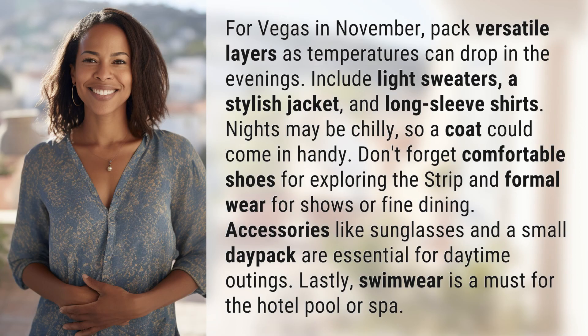For Vegas in November, pack versatile layers as temperatures can drop in the evenings. Include light sweaters, a stylish jacket, and long-sleeve shirts. Nights may be chilly, so a coat could come in handy.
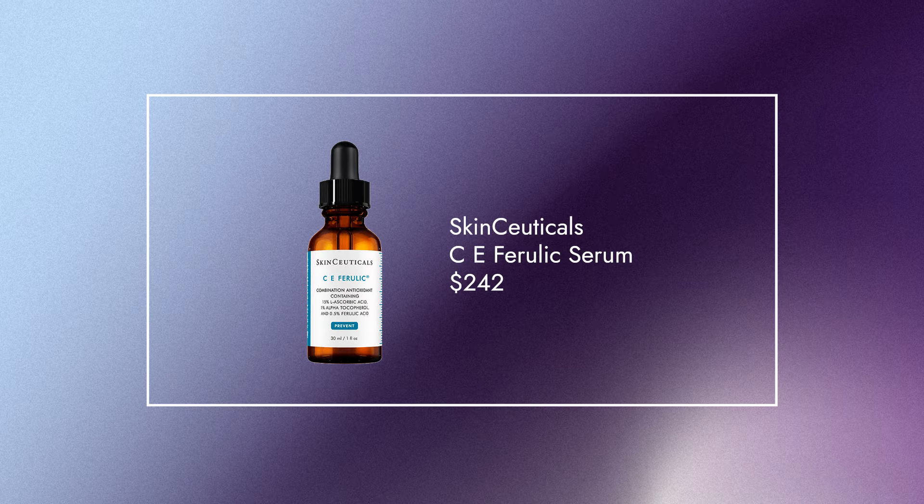At the very tail end of our list is the SkinCeuticals CE Ferulic Serum — 15% ethyl ascorbic acid, a really potent but stable and effective form of vitamin C. It is recommended for more seasoned vitamin C serum users.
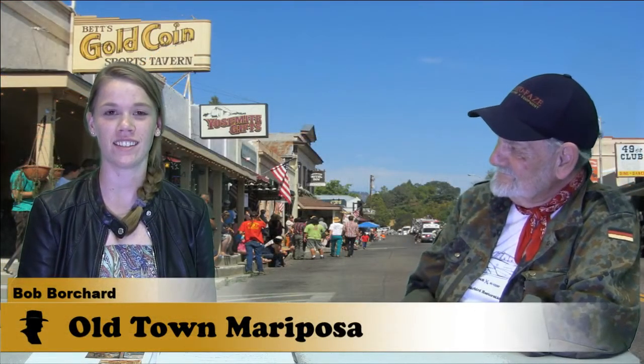Hi, I'm Julie Hebron and this is the Old Town Mariposa Show coming to you from my good friends at Betts Gold Coin. Today I have with me Kent. Hi Kent. Can you tell me a little bit about yourself?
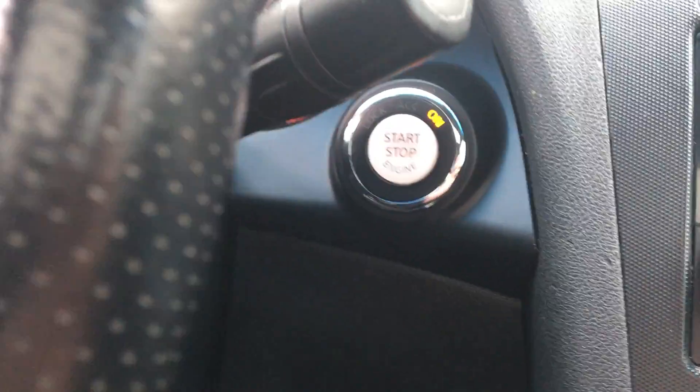The car is push to start. And you also have this nice big sunroof with plenty of room for your family in the backseat.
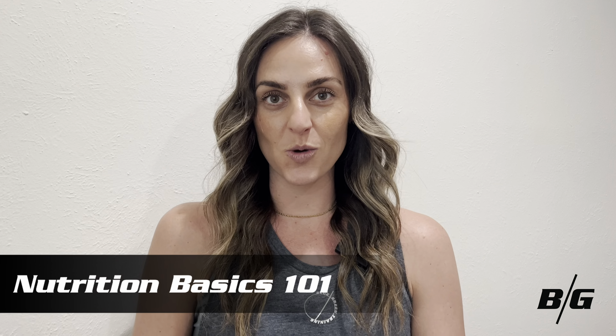Hey Blue Green Training, it's Dr. Johnson, the performance dietitian. I'm here today to talk about nutrition basics 101. As a registered dietitian with a PhD in health and human performance, I know there can be a lot of misinformation out there on what's the best diet to perform at your peak. We're going to break it down to make it super simple, give you some practical tips, and how you can make slow changes over time.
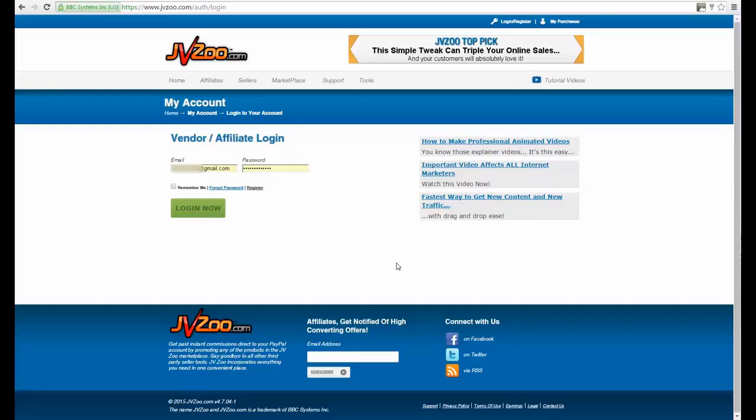All right, guys, it's JazD here and I want to show you how I'm using a particular traffic source every day that is getting really awesome results for my business. So I'm not going to hype it up. Instead, I'm going to take you into one of my JVZoo accounts and show you live proof.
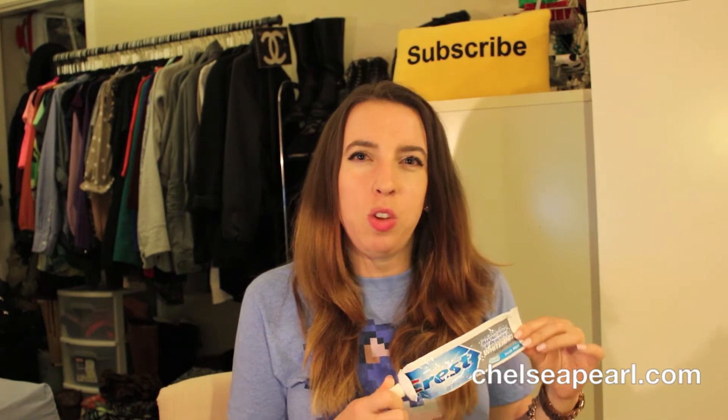I finished up my Crest Baking Soda and Peroxide Whitening Fresh Mint Toothpaste. I like this toothpaste because it's the perfect balance of whitening plus mouth-cleaning feeling. Some whitening toothpastes leave you with a really chalky taste and you don't feel clean. I really like this one — I find it helps maintain my whiteness. It doesn't give you astonishing results, but it does help with upkeep. I have already repurchased it.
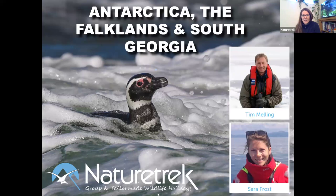Welcome everybody, and welcome to our presentation evening on Antarctica, the Falklands, and South Georgia. I'm Sarah Frost, NatureTrek's marketing manager and a tour leader, and I'm joined tonight by one of our longstanding tour leaders, Tim Melling. I've been working for NatureTrek for nine years.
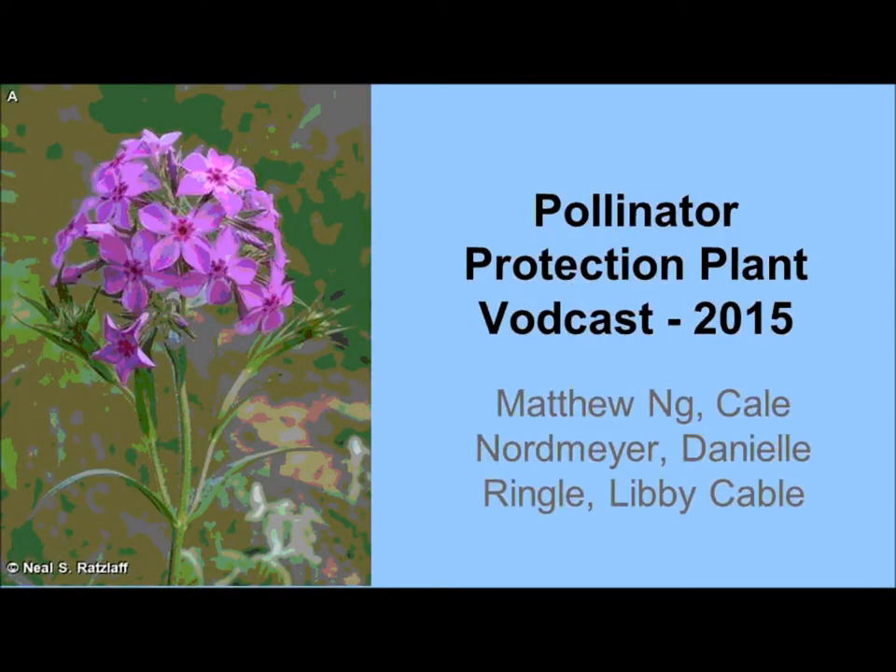Hello, thank you for watching this plant vodcast on Prairie Phlox, created by University of Minnesota students in Hort 4850, Pollinator Protection in Managed Landscapes.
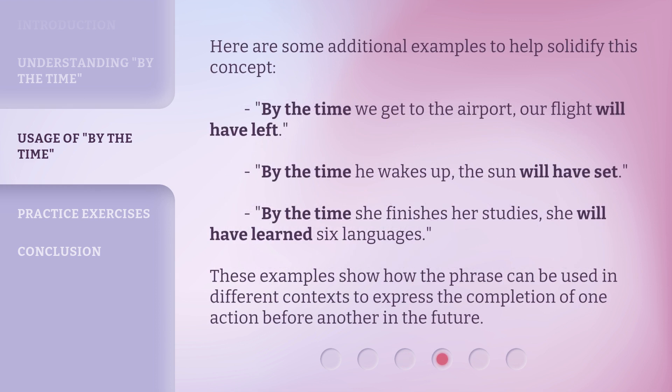Here are some additional examples to help solidify this concept. 'By the Time we get to the airport, our flight will have left.' 'By the Time he wakes up, the sun will have set.' 'By the Time she finishes her studies, she will have learned six languages.' These examples show how the phrase can be used in different contexts to express the completion of one action before another in the future.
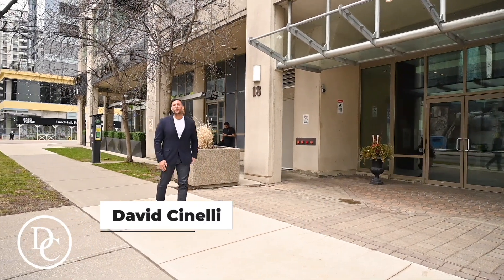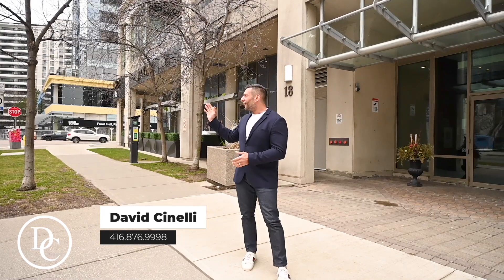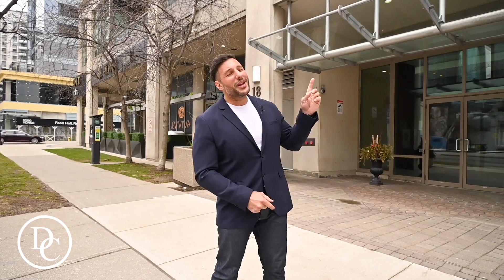Hey there, it's David Cinelli here, Realtor with Royal LePage Signature. Today I'm in North York, just off of Yonge Street north of Sheppard. I'm here to showcase this great one-bedroom unit located on the 26th floor here at 18 Parkview Avenue. Julia's inside to give you some more details.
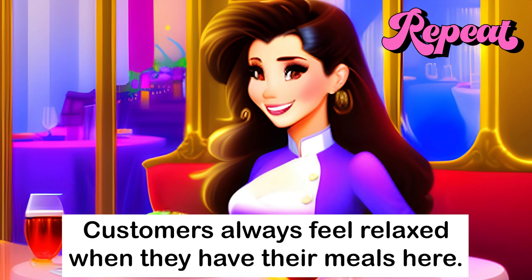Customers always feel relaxed when they have their meals here.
━━━━━━━━━━━━━━━━━━━━
**PROBLEM TO SOLVE**
For this exercise, return exactly the lines above from the line with "I finished up" through the line with "Welcome everybody, and", both included. Do not copy the pictures.

**SOLUTION**
I finished up my Crest Baking Soda and Peroxide Whitening Fresh Mint Toothpaste. I like this toothpaste because it's the perfect balance of whitening plus mouth-cleaning feeling. Some whitening toothpastes leave you with a really chalky taste and you don't feel clean. I really like this one — I find it helps maintain my whiteness. It doesn't give you astonishing results, but it does help with upkeep. I have already repurchased it.
Welcome everybody, and welcome to our presentation evening on Antarctica, the Falklands, and South Georgia. I'm Sarah Frost, NatureTrek's marketing manager and a tour leader, and I'm joined tonight by one of our longstanding tour leaders, Tim Melling. I've been working for NatureTrek for nine years.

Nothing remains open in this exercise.